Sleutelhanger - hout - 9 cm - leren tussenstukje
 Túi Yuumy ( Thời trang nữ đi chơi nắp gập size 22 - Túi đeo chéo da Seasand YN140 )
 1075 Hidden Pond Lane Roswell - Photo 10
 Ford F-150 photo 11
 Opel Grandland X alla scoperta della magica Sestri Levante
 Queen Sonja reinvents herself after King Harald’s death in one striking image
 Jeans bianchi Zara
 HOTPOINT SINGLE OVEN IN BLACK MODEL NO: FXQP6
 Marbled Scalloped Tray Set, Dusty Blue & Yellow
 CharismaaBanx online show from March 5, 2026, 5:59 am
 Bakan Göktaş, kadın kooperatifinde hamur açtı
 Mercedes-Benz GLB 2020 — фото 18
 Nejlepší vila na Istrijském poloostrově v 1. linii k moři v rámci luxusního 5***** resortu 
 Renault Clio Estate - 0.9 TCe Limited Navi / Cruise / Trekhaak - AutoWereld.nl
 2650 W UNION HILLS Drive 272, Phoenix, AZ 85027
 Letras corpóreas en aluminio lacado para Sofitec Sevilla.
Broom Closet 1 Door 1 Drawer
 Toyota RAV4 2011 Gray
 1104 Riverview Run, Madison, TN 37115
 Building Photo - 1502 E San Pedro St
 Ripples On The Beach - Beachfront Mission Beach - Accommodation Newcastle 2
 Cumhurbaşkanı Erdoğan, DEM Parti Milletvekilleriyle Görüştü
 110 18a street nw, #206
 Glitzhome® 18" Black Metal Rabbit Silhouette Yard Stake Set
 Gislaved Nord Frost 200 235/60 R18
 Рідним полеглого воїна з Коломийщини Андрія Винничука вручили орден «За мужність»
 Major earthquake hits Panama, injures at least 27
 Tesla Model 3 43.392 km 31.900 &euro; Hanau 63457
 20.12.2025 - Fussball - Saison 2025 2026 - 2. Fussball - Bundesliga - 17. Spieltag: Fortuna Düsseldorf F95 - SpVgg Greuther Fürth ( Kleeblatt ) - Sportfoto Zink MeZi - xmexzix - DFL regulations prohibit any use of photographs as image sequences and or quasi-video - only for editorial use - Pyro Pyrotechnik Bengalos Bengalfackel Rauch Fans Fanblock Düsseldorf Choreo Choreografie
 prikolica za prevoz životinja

REQUIRED WORK
Proceeding from the line containing "Bakan Göktaş, kadın" through the line containing "2650 W UNION", transcribe the lines above exactly, both end lines included.

RESULT
 Bakan Göktaş, kadın kooperatifinde hamur açtı
 Mercedes-Benz GLB 2020 — фото 18
 Nejlepší vila na Istrijském poloostrově v 1. linii k moři v rámci luxusního 5***** resortu 
 Renault Clio Estate - 0.9 TCe Limited Navi / Cruise / Trekhaak - AutoWereld.nl
 2650 W UNION HILLS Drive 272, Phoenix, AZ 85027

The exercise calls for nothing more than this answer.